Following is a portion of Angelo Peretti’s story that he shared with us. He spoke to us in English.
Angelo Peretti, the Internet Gourmet
Angelo Peretti, March 2015
At the end of the 19th century, Bardolino was considered one of the best wines in the world, not a concentrated wine, not a tannic wine. It was a light wine.
I want to return to that. We must reduce the amount of red wine, and increase Chiaretto, to better use the grapes by vintage. In a good vintage, we make red wine. In a harder vintage, we make more Chiaretto.
I want Bardolino to make drinkable wine that ages 6 years, and is very enjoyable but not silly. We have the same grapes as Valpolicella. Corvina is the most important. But we cannot make a copy of Valpolicella. When Bardolino was made to copy Valpolicella, the reds were horrible. We have very different soils, a very different climate.
So, I thought, we needed to go back to our roots, to make reds lighter in color, and alcohol, and taste. So, we decided to start with the rosés. What better to make lighter in color than rosé? Then we turn to the reds.
There is no other wine in Italy like Chiaretto. Chiaretto means, clear. Chiaretto represents our territory, and represents our lake.
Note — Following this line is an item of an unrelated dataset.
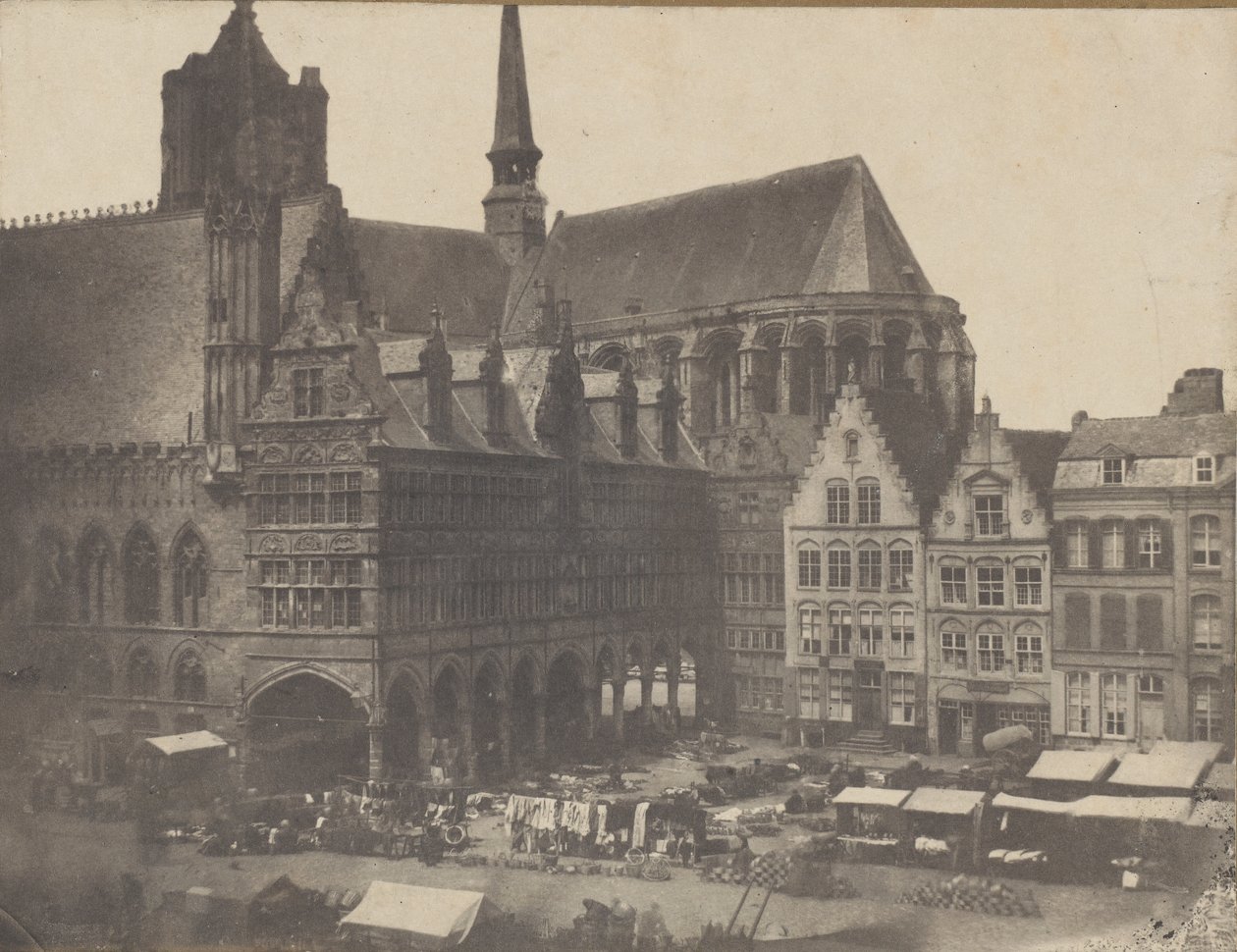 Ypres में मार्केट स्क्वायर, ca. 1851. द्वारा संभवतः लुई डिज़ायर ब्लैंक्वार्ट एवार्ड द्वारा।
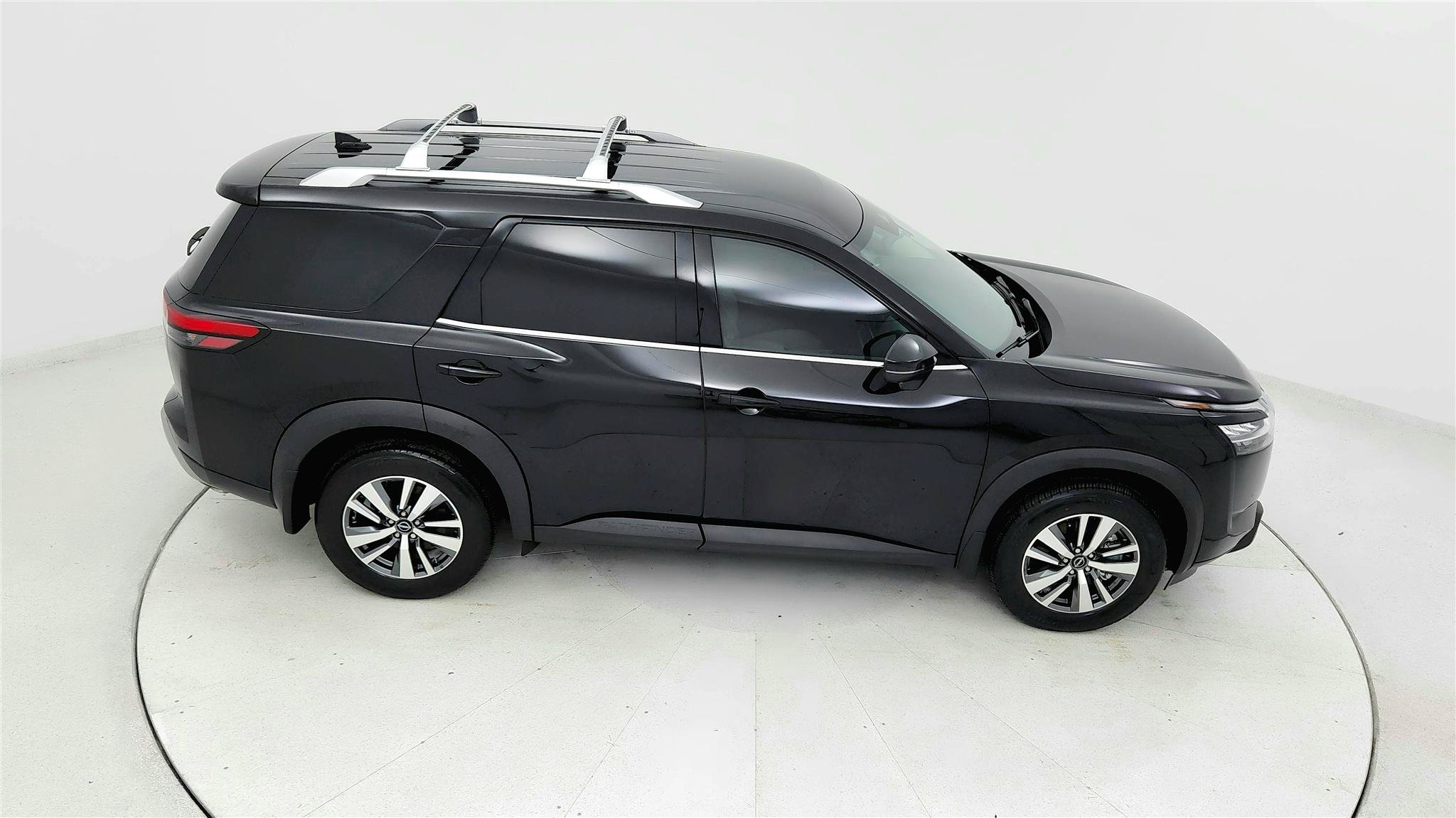 Used 2024 Nissan Pathfinder SL w/ Cargo Package FWD image 18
We also make some sparkling Chiaretto. There are not many red grapes that can take frizzante, but Chiaretto can. It has the lightness, and higher acidity, and low tannin. The grapes can bear it, sparkling, and can be, I will not say unique, but very close to unique. [smiling]
In our moranic hills, if the yields are too low, the vineyards suffer. If you have constant soils, you can decide how to industrialize your soil. We cannot, because in a hectare of soil, we can have four to seven types of soil. So, we cannot think in a specific way. [We must farm for the variation the land gives us.]
We want to go back to our roots.
Giovanni Battista Perez wrote that there are three different Bardolinos, one around the village of Bardolino, one for the inner hills near Monte Baldo, and one in the southern moranic hills. The goal is to go back to a study of the territory, and how each of the three areas are best expressed.
We are working towards going back to a crus model but it will take some time because it is not just an economic question. It is a mentality question. We must also change how we think about wine.
This is my goal. It is a challenge, but it is my country.